This week’s highlights:

  • Sight and Sound has republished a piece from its September 1995 issue in which the late Peter Wollen traces the roots of Performance (1970)—starring James Fox, Mick Jagger, and Anita Pallenberg and codirected by writer Donald Cammell and cinematographer Nicolas Roeg—from the Decadent movement of the Oscar Wilde era through to the 1960s subculture of Chelsea with detours to Persia and Morocco, William S. Burroughs and Kenneth Anger. Once Warner Bros. calmed its nerves and finally released Performance after holding it for two years, “I saw it as the beginning of something,” wrote Wollen. “Now I see it more as the end, the last splendor of heroism in Decadence, a strange vision of England as its own fantastic double, which might have turned out either angel or demon, but never got the chance.”

  • Radu Jude, who will be feted next week at FIDMarseille, is currently completing Dracula and has already received funding for his next film, The Diary of a Chambermaid. Jude’s top ten in the summer issue of Artforum is a brisk run through his appreciation for UbuWeb, newly reactivated by its founder, poet and critic Kenneth Goldsmith; No Wave Cinema (“I hope to have the courage to invite the wonderful Lydia Lunch to act in one of my films sometime”); Forensic Architecture, whose “mind-blowing videos would’ve even made film theorist André Bazin scratch his head”; Andrei Gorzo, “Romania’s best film critic”; and Slavoj Žižek, Hong Sangsoo, and Bruce LaBruce.
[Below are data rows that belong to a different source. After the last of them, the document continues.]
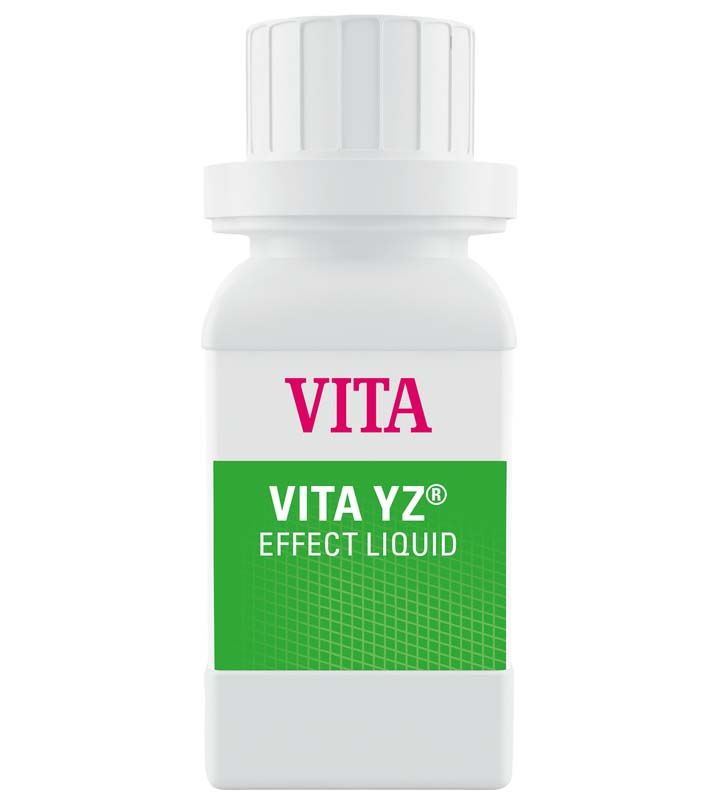 VITA YZ® EFFECT LIQUID Chroma C in weißer Flasche mit grünem Etikett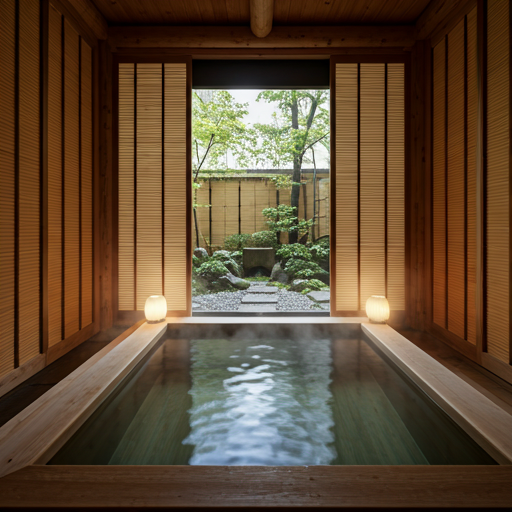 Restored machiya interior 5 — tatami, cedar, and natural light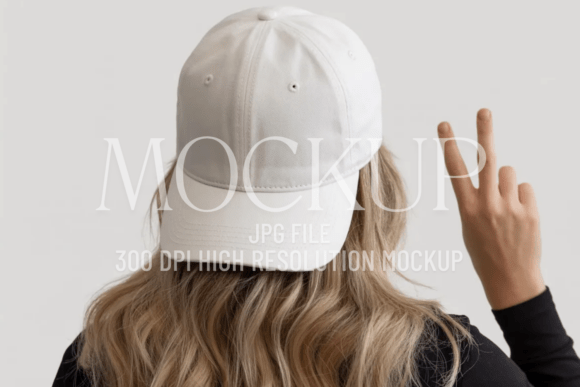 White Baseball Hat Mockup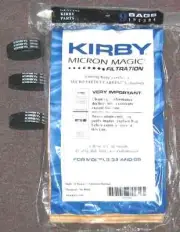 9 Kirby Vacuum Bags G3 G6 Micron Magic 197394 + 3 Belts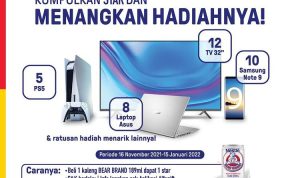 Promo STAR Bear Brand Berhadiah 12 TV, 5 PS 5, 8 Laptop, dan lainnya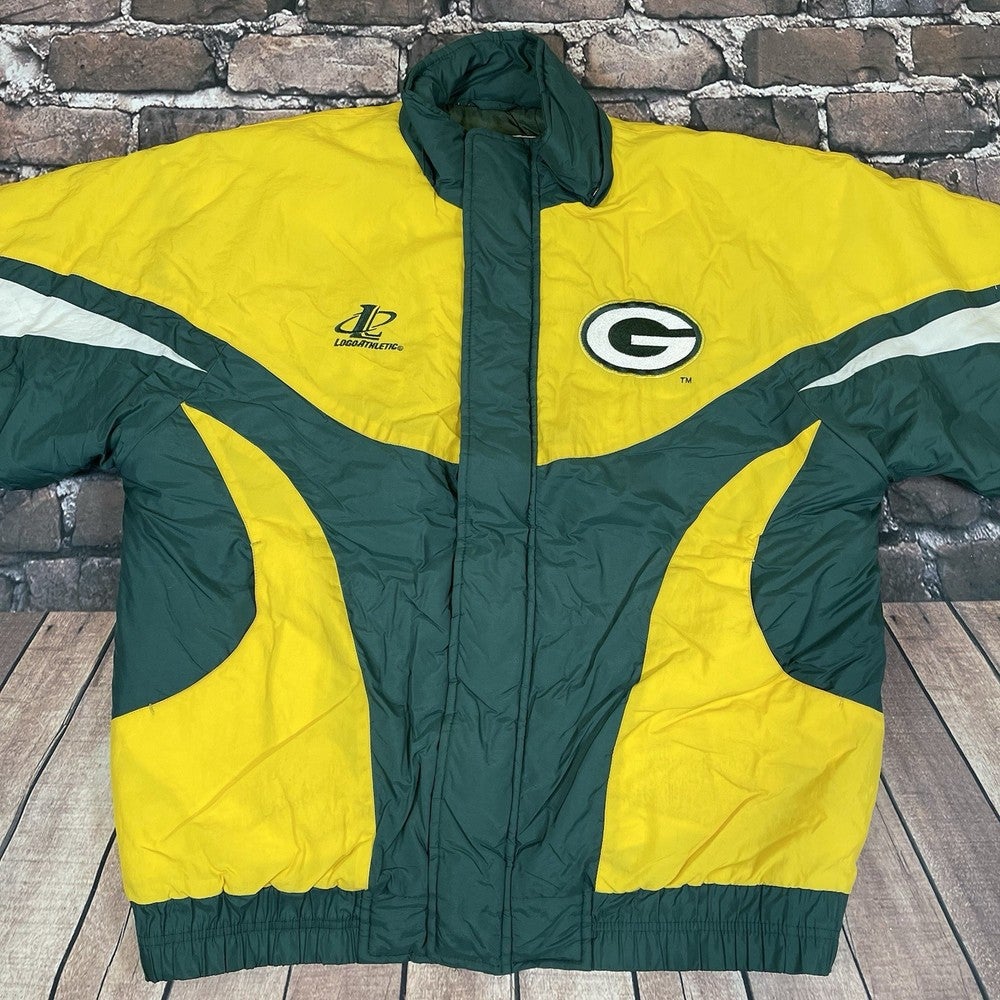 90s Vintage NFL Pro Line Logo Athletic Green Bay Packers Jacket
  • For BOMB Magazine, Gary M. Kramer talks with novelist and filmmaker Dag Johan Haugerud about spending a year with the same crew as they made three features back to back—Love,Sex, and Dreams—each of them exploring relationships among contemporary middle-class Norwegians. “Watched in any order,” writes Guy Lodge for Film Comment, “the trilogy delivers the same collective examination of fluid sexuality and contemporary queerness, not least since each film closes, in its own way, on a note of quietly euphoric optimism. ‘Sex-positive’ has become an overused term by critics in this still-dry era for sex on screen, applied too liberally to just about any film demonstrating erotic abandon marginally above Hays Code levels. But it’s a term that Haugerud’s trilogy truly merits, with its delicate characterizations of women and men, across a broad age spectrum, whose lives are actively enriched by carnal curiosity.”
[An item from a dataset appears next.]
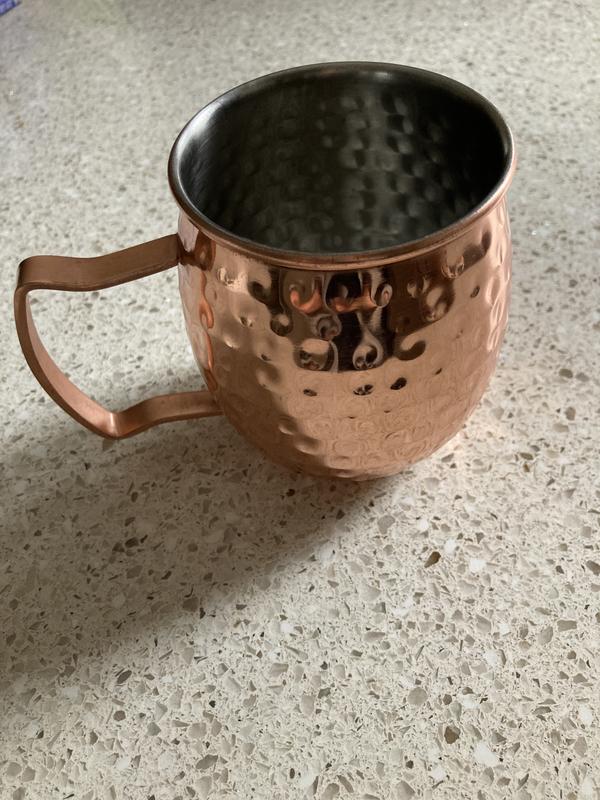 CANVAS Copper-Plated Stainless Steel Moscow Mule Mug Set, 443mL, 2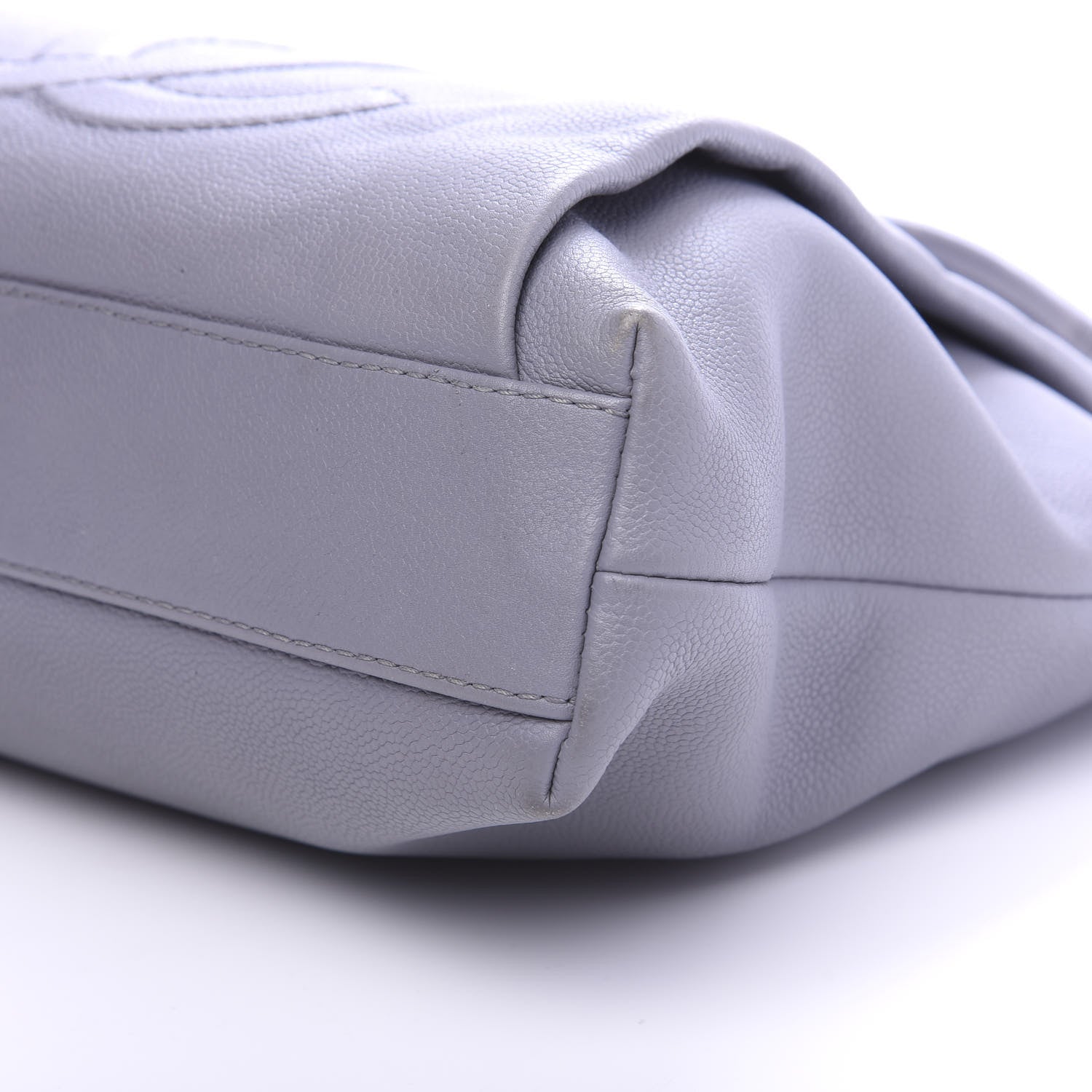 Chanel Caviar Large CC Tuck Tote Grey 7 of 11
  • Arthur Jafa’s Love Is the Message, the Message Is Death (2016) and Mark Leckey’s Fiorucci Made Me Hardcore (1999) are currently on view together at Conditions, an artist-led space in Croydon, through August 10. Introducing excerpts from a conversation between the two moving-image artists, Plaster calls the show “a double helix of rave, rupture, and resistance. Jafa’s searing seven-minute reel reassembles the African American experience into a brutal and haunting loop—trauma and transcendence stitched together. Leckey’s fifteen-minute VHS fever dream is a ghost story masquerading as a love letter, where ghostly clubbers blur into specters.”
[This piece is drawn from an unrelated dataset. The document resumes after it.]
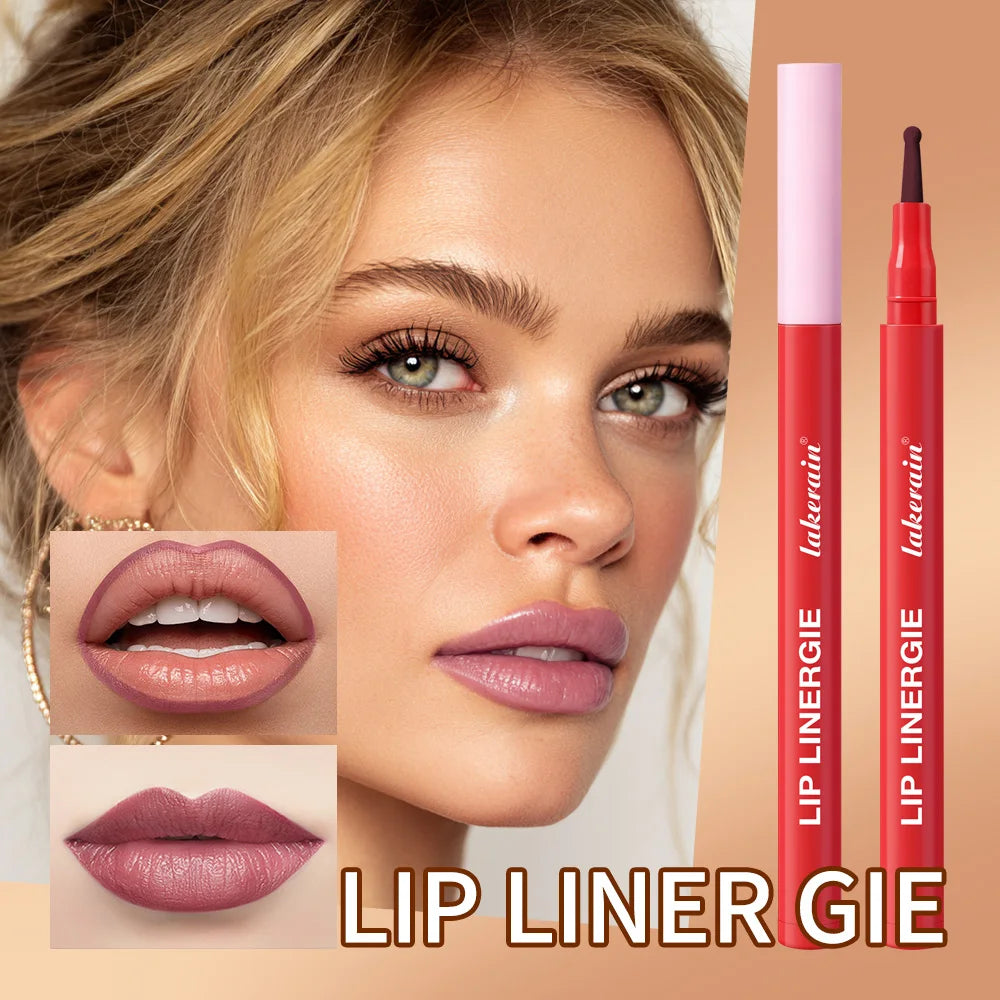 Lakerain Lip Liner Pencil Ballpoint Felt Tip Transfer-proof Lip Liner Stain Smudge-proof Waterproof Lip Liners Natural Makeup Oasis Select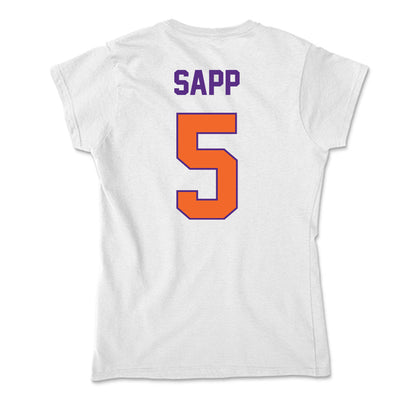 Clemson - NCAA Football : Josh Sapp - Soft Style Women’s T-Shirt-1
  • A bilingual collection of interviews has just been published as a companion to Guillaume Cailleau and Ben Russell’s Direct Action, the winner of the Encounters Award at last year’s Berlinale. Most of the film’s 216 minutes is spent with members of the ZAD de Notre-Dame-des-Landes, one of several Zones to Defend in France aimed at shielding the environment from massive construction projects. Talking to Russell for Verso Books, Benjamin Crais brings up Sergei Eisenstein, which gets Russell thinking about “that moment in Soviet cinema where the idea was to make a film that could talk about a movement without talking about individuals. If you’re trying to foreground a collective ideology, then celebrating individuals or creating characters that you follow through narrative space does that ideology a disservice and is a poor reflection of what the collective can be.”